#### [Source data]

*** Block opens ***

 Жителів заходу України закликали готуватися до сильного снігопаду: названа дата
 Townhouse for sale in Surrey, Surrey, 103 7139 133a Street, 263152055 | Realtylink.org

*** Block closes ***
*** Block opens ***

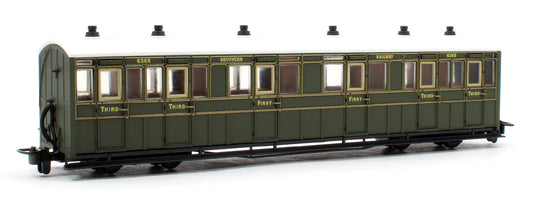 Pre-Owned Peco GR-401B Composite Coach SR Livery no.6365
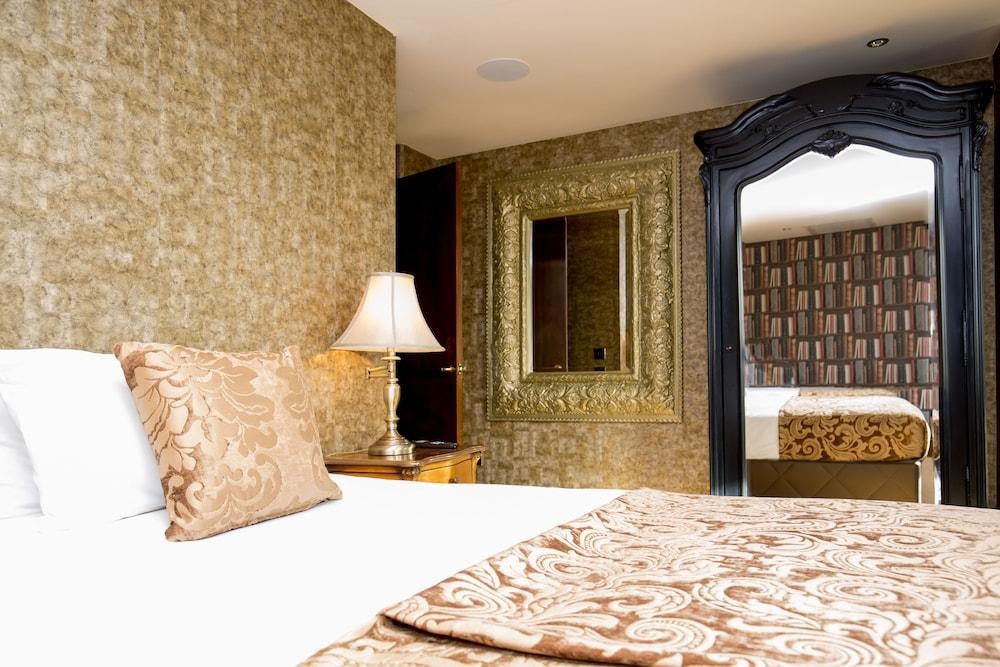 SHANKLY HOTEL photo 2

*** Block closes ***

#### [Task description]
Copy word for word the stretch of entries above from the line that has "Жителів заходу України" through the line that has "Townhouse for sale", both ends included, and nothing outside it.

#### [Solution]
 Жителів заходу України закликали готуватися до сильного снігопаду: названа дата
 Townhouse for sale in Surrey, Surrey, 103 7139 133a Street, 263152055 | Realtylink.org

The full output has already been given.